Humanity’s Strange Face
Stone Age skull stokes debate over what it takes to be human
By Bruce Bower
In June 2003, three cave researchers prepared for what they hoped would be a return to the Stone Age. The explorers strapped on scuba gear and plunged into a lake in Romania’s Carpathian Mountains. These intrepid souls, led by Stefan Milota of Pro Acva Grup in Timisoara, Romania, swam one at a time into a rocky passage that snakes up into an adjacent limestone hillside. At the top of the 80-foot-long channel, they emerged into the musky air of a pitch-dark cave that most of the group had first visited the previous year. Helmet-mounted lights cast a glow over a panorama of bones scattered across the ground.

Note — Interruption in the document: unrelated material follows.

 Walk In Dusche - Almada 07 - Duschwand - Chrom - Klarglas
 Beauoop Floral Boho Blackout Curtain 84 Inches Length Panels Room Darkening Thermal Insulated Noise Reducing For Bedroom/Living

The group had chanced upon the cave for the first time while exploring the hillside’s many fluid-filled conduits. Millennia ago, the deep space would have been accessible on foot, but since then, a massive rockslide has plugged the aboveground entrance.
Upon reaching the cavern in 2002, the investigators saw cave bear bones lying everywhere. The huge creatures may have hibernated there and died after awakening, perhaps lacking the energy to lumber to the surface.
Curiously, a bear skull and leg bone lay atop separate boulders, suggesting that someone had placed them there. Proceeding into another of what turned out to be a series of chambers, the explorers collected the big prize of that first modern visit: a lower jaw that, though massive and thick, looked to be human.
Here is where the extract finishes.